Multi-asset 

How to evaluate risk and volatility

This article is part of
Guide to risk and return in multi-asset

How to evaluate risk and volatility

Risk and volatility are words that are bandied around quite frequently.

But what do these words mean in the context of choosing the right multi-asset fund for clients?

Understanding the investment philosophy and strategy of the manager is key to understanding how risk will be taken and how it will be managed, according to Mike Coop, head of multi-asset portfolio management at Morningstar Investment Management.

Generally, advisers will choose a multi-asset fund having already established their clients’ appetite for risk and capacity for volatility.

Guilhem Savry, head of global macro and dynamic asset allocation, cross asset solutions at Unigestion, explains: “We believe that the risk investors are concerned with is capital loss, not fluctuations around the average. 

“As a result, risk is about more than just volatility.”

He says Unigestion’s own proprietary risk measure is based on expected shortfall and accounts for “skewness”, tail risk and liquidity risk.

Too simplistic

Advisers might assume that a multi-asset fund, which is invested across asset classes, is better at spreading risk. Is this the case?

“Being diversified offers real advantages to spread the portfolio risk because it lowers the dependency on a few sources of return – quite often equities,” Mr Savry suggests. 

“Of course, assessing gross risk is important to ensure that you are not overly reliant on correlation assumptions and properly understand the amount of capital you have on the table.”

Given that unexpected and unplanned-for volatility can have a significant impact on a client’s investment journey, Will McIntosh-Whyte, assistant fund manager of Rathbones' Multi-Asset Portfolio Funds, agrees that looking at volatility alone is too simplistic, “as low volatility does not equal low risk”. 

He continues: “Too often, risk is hidden by low volatility, driven by poor price capture, subjective pricing and modelling, infrequent valuations, or a combination of them all. Forecasting drawdowns is a better way of analysing actual risk.”

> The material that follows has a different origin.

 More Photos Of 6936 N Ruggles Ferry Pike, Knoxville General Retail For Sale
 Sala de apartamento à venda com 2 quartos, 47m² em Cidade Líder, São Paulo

Mr McIntosh-Whyte confirms: “Setting clear expectations for clients around volatility is incredibly important – we operate a risk budget for each to try and set expectations for clients as to how they each may behave in tougher times for risk assets.

“Relative volatility risk budgets make most sense, as these allow us to manage the funds more effectively during more volatile markets – an absolute volatility target can drive a manager to have to make changes (ie reduce risk into falling markets) to stay within it as equity volatility increases.”

Minesh Patel, chartered financial planner at EA Financial Solutions, warns that unplanned volatility can be damaging and alarming for clients in cases where adequate reserves have not been maintained.

This might affect some clients more than others, depending on how far along the investment journey they are.

“This is particularly relevant during decumulation in the early years where income needs are being met, which highlights the importance of cash flow modelling in addition to an appropriately diversified risk matched portfolio,” he says.